I was just looking over a few diaries from when I was still a cabinetmaker and I am astonished how creative I used to be. I would invent and designed things on a regular basses, or at least come up with original ideas in some form or another. The other thing that I could do with ease is to write a song. However, if I didn’t record it somehow, it would be lost forever. So I really only have a memory of having written good songs as I cannot play a musical instrument (even though I have a guitar)
Although I am, no way as creative as I used to be, I still seem to get the odd song, with lyrics, form in my head. But again, if I don’t record it, they are lost forever. How mental is that? I wonder do other people have the same issues.

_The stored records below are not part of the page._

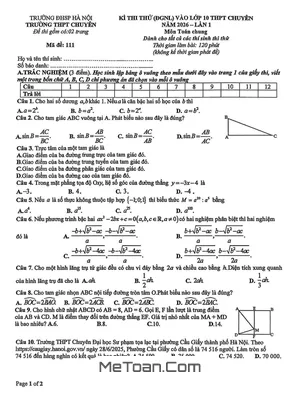 Đề thi thử vào lớp 10 môn Toán (chung) năm 2026 lần 1 Trường Chuyên ĐHSP Hà Nội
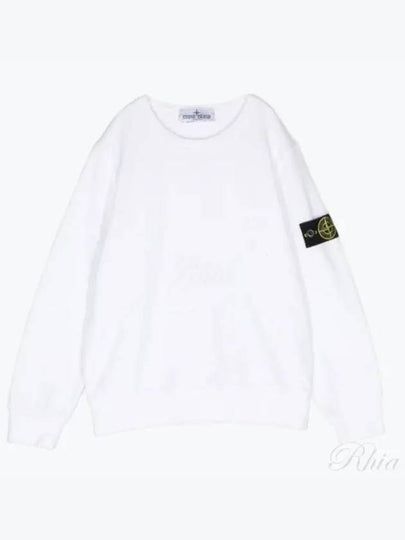 Kids Garment Dyed Logo Wappen Patch Sweatshirt White - STONE ISLAND - BALAAN 2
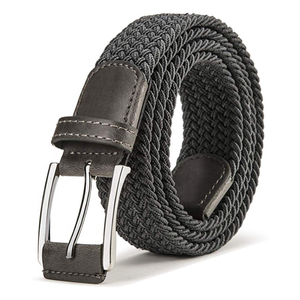 Su misura di alta qualità <span class=keywords><strong>marrone</strong></span> scuro elastico elasticizzato <span class=keywords><strong>cintura</strong></span> da caffè tela intrecciata cinture per gli uomini - Product Image 5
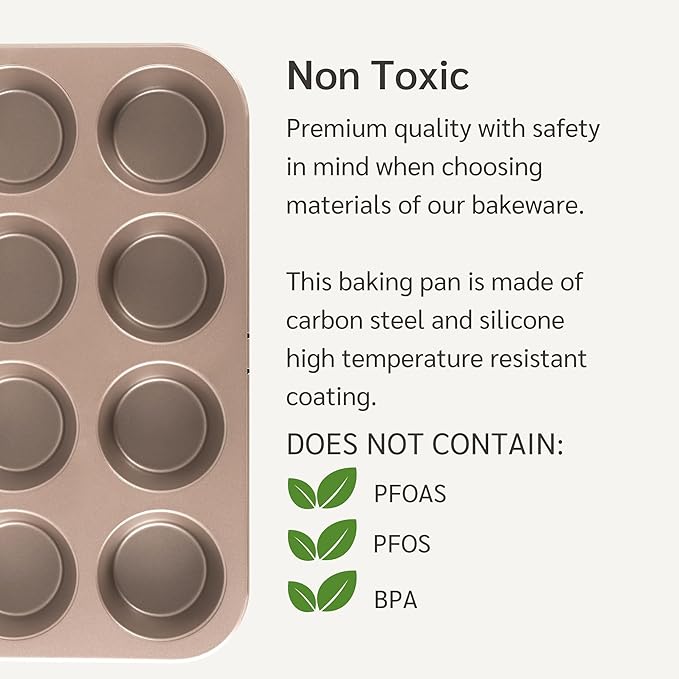 12 Cup Muffin Pan Nonstick, PFOA & BPA Free | | Non-Toxic - High Carbon Steel - Gold - Cupcake Tin for Oven Baking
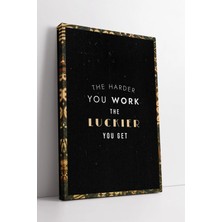 Mushen Studio The Harder You Work Sözlü Vintage Çerçeve Desenli Minimal Tasarım  Dekoru Kanvas Tablo Duvar Dekoru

I will try and learn the guitar that I have had for a number of years (Not saying what number it is) and you just never know what could happen. I won’t be able to sing though, as I damaged my voice a few years back and can no longer hold a note. I once did have a nice voice, although to be honest, I only have the memory of having a nice singing voice.
ANYWAY Today I was reading about the poet Patrick Kavanagh, who is from Inniskeen in Co.Monaghan, Ireland. Now I know Inniskeen very well as my mother is from near there and we used to go to Mass there on a Sunday if we were down staying with granny. My Granny and my Grandfather would have known Patrick Kavanagh fairly well as rural areas of Ireland are very tight knit communities.
ANYWAY after reading some of Patrick Kavanaghs work, a new poem started to form in my head. Almost like the songs with lyrics that I used to get. This time I was on the PC and I was able to write this new poem down and was very happy with it or be it for a short time only. So after writing the poem and reading and re reading it, I went out to the kitchen and started making dinner (no courgetts this time) After eating my dinner, feeding and playing with the dog, I came back to my PC and found all my work GONE! I just don’t know what happened? The PC was still on but all my work was missing. Silly idiot as I didn’t save anything. Now as with any songs I have written, if its not recorded its gone forever. Good job I’m not an actor as I would never be able to remember my lines.
I have been trying to peace back my poem and all I can get is four small lines.
So here it is, my new, very short poem.
Condensation by A.M.Donaghey
As a boy I’d often watch, roles of condensation drops.
Furrow down the window pain, and merge into a single lane.
Watered surface of the glass, on winter morning’s coldness past.
Once the moisture of my youth, now just memories of past truth.